The present study shows that the MDLAP system has important built-in layers of restraints and safety mechanisms, especially for hypoglycemia, as well as a fully integrated automatic ability to communicate wirelessly between the components of the closed-loop system. We encountered no major problems with technical communication throughout the study. Our experience in the current study shows that this mode of operation is feasible and easy to use.
In conclusion, closed-loop insulin delivery by the MDLAP system was found to be feasible and safe. Moreover, the use of the MDLAP can improve the control of glucose levels during the night and reduce the risk of nocturnal hypoglycemia in patients with T1DM.
Footnotes
Author Disclosure Statement
R.N., E.A., M.A., S.M., and T.O. declare that no competing financial interests exist.

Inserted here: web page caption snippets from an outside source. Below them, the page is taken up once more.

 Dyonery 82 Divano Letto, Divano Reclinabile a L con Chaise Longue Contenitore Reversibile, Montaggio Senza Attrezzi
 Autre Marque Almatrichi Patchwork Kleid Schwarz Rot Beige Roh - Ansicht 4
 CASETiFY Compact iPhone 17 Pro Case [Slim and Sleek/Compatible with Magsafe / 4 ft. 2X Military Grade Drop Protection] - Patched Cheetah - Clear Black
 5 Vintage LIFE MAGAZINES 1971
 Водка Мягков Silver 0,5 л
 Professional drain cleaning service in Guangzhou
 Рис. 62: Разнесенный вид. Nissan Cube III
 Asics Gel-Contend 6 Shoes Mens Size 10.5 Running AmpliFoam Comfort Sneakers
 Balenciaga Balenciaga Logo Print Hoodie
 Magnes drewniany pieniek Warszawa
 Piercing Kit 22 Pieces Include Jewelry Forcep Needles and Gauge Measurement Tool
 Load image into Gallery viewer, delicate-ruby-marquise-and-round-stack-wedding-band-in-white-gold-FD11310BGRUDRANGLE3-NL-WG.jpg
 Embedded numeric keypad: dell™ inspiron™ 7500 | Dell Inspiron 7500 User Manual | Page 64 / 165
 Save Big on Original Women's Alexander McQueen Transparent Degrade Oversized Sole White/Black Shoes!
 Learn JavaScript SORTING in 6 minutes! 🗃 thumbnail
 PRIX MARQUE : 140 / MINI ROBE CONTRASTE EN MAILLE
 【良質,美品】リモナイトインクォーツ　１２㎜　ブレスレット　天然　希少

M.P. has served on Advisory Panels for AstraZeneca LP and Sanofi, as a Board Member for C.G.M.3 Ltd., as a consultant for Bristol-Myers Squibb Company, D-medical, AstraZeneca LP, Sanofi, Ferring, and Andromeda, and on Speaker's Bureaus for Animas Corporation, Sanofi, Medtronic, Bayer Health Care, has received research support from Medtronic, Novo Nordisk, Inc., Abbott Diabetes Care, Eli Lilly and Company, Roche, Dexcom, Inc., Sanofi, Insulet Corporation, Animas Corporation, Andromeda, and Macrogenetics, is a stock/shareholder in C.G.M.3 Ltd. and De-medical, and has other relationships with Bayer Health Care, Medtronic, Animas Corporation, Novo Nordisk, Inc., Pfizer, Inc., and Sanofi.